*Given information*
■ ■ ■ ■ ■ ■ ■
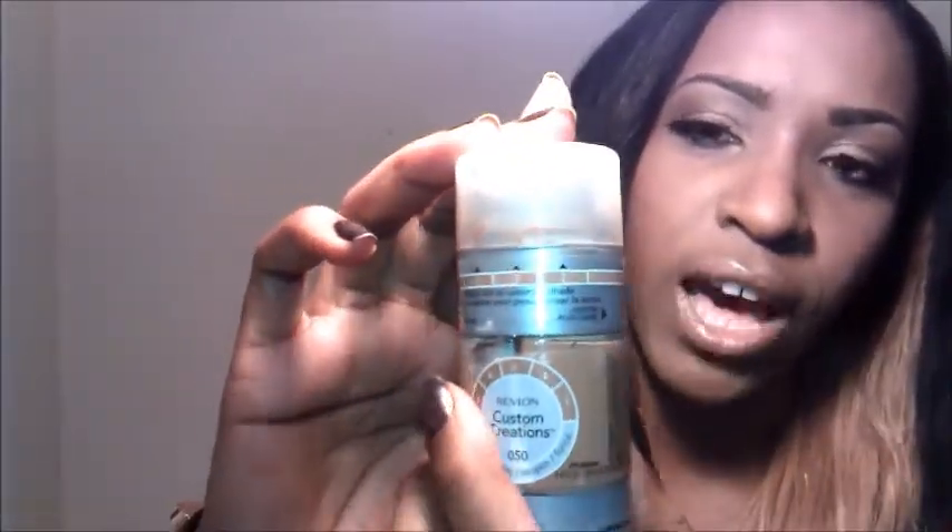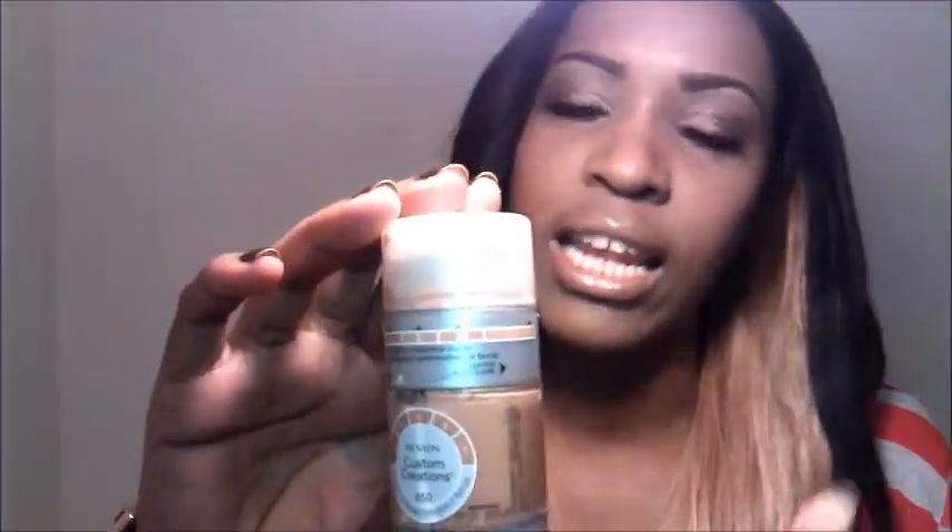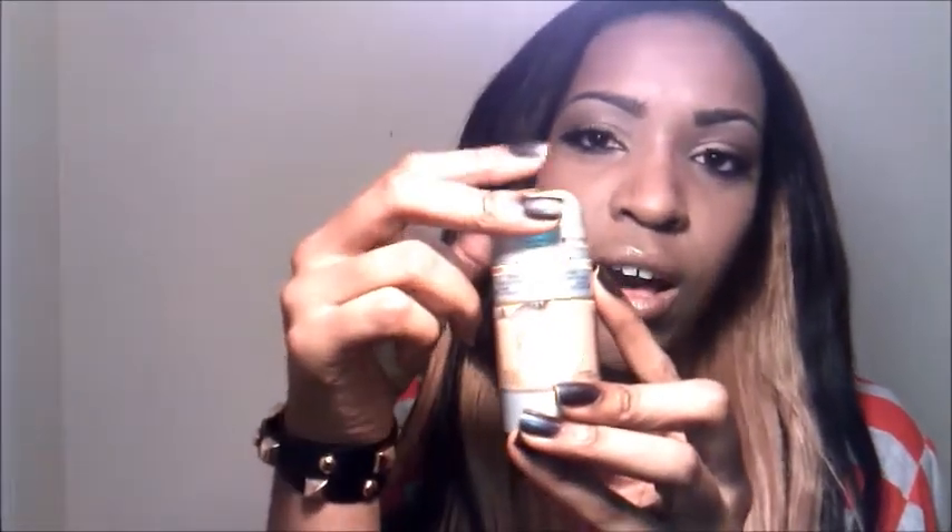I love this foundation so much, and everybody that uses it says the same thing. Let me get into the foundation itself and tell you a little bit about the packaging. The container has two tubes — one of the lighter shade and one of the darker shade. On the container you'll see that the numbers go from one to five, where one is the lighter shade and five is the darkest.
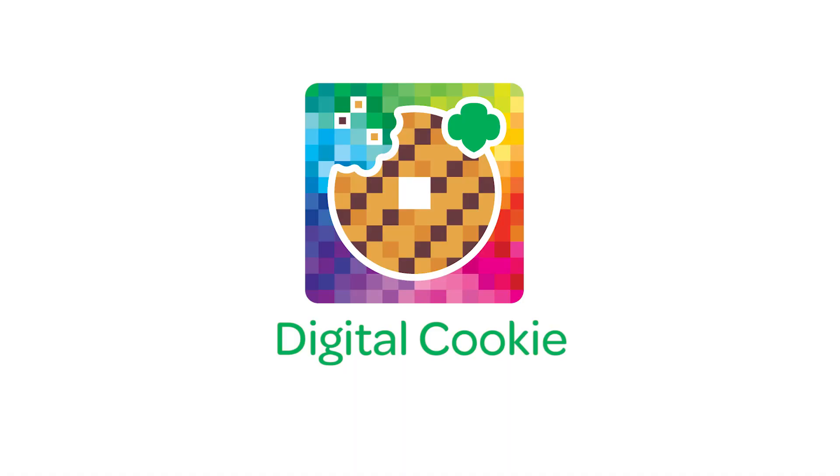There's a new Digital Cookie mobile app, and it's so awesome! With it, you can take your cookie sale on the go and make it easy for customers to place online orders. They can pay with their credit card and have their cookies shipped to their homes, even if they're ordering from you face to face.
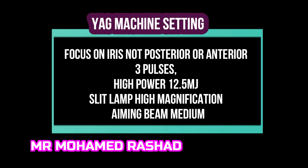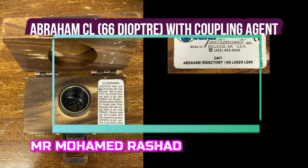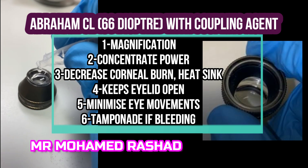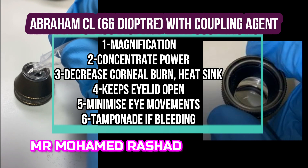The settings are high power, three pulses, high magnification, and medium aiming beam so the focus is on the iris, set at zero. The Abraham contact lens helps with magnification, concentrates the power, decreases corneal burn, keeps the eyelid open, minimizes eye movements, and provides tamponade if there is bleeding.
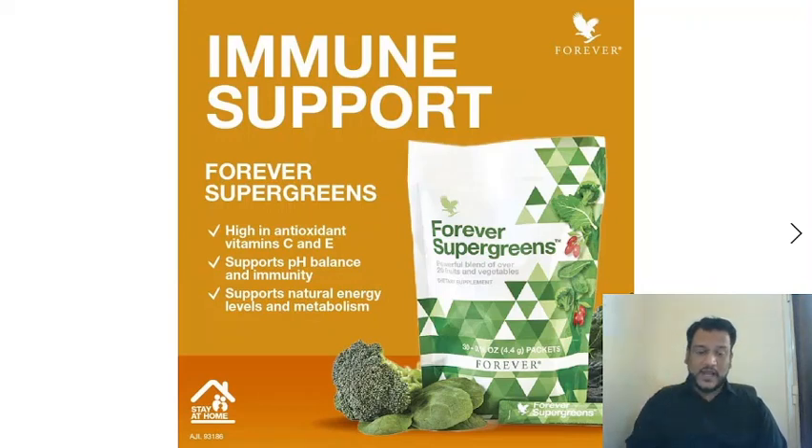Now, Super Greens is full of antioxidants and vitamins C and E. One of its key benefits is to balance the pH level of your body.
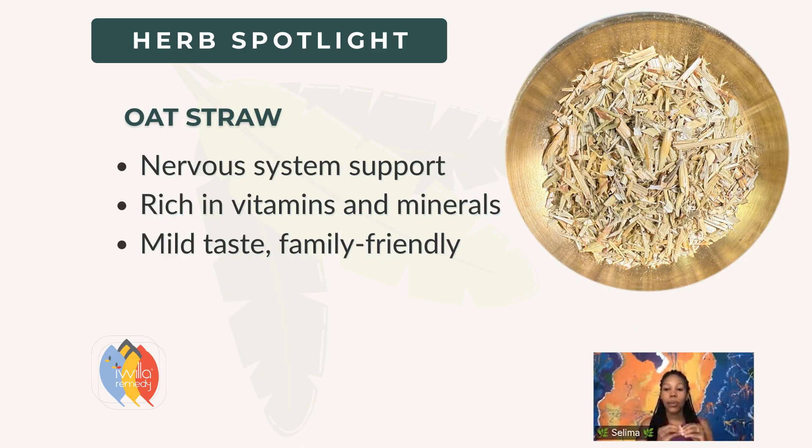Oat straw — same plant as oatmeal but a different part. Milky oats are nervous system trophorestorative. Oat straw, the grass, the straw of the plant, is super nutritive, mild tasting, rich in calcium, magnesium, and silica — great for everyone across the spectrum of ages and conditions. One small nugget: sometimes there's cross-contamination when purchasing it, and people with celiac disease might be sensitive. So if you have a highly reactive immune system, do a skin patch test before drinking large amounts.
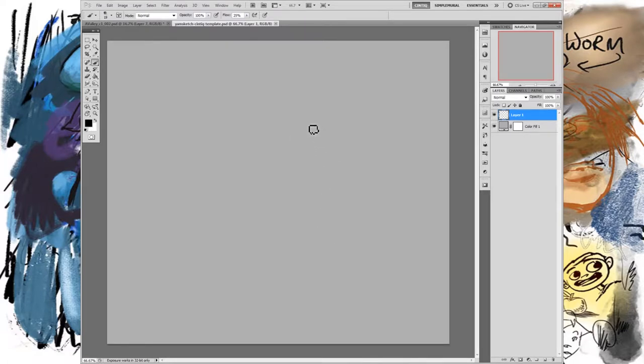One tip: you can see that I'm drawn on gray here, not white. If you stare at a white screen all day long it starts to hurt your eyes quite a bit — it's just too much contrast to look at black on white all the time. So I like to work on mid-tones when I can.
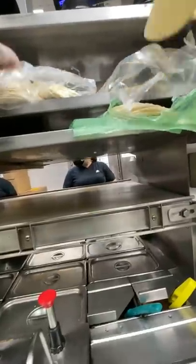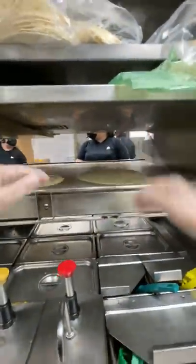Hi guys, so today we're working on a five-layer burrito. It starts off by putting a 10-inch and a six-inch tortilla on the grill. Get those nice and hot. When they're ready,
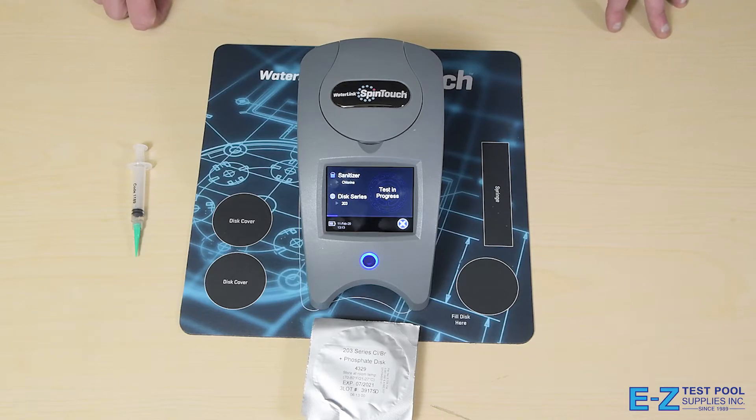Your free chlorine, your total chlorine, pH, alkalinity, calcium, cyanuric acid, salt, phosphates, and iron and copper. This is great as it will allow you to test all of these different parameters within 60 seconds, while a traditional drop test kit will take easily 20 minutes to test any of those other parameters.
■ ■ ■ ■ ■ ■ ■
*Task objective*
Extract exactly the lines from the one containing "Hi guys, so" through the last line of the records above, both included, and leave out the pictures.

*Answer section*
Hi guys, so today we're working on a five-layer burrito. It starts off by putting a 10-inch and a six-inch tortilla on the grill. Get those nice and hot. When they're ready,
Your free chlorine, your total chlorine, pH, alkalinity, calcium, cyanuric acid, salt, phosphates, and iron and copper. This is great as it will allow you to test all of these different parameters within 60 seconds, while a traditional drop test kit will take easily 20 minutes to test any of those other parameters.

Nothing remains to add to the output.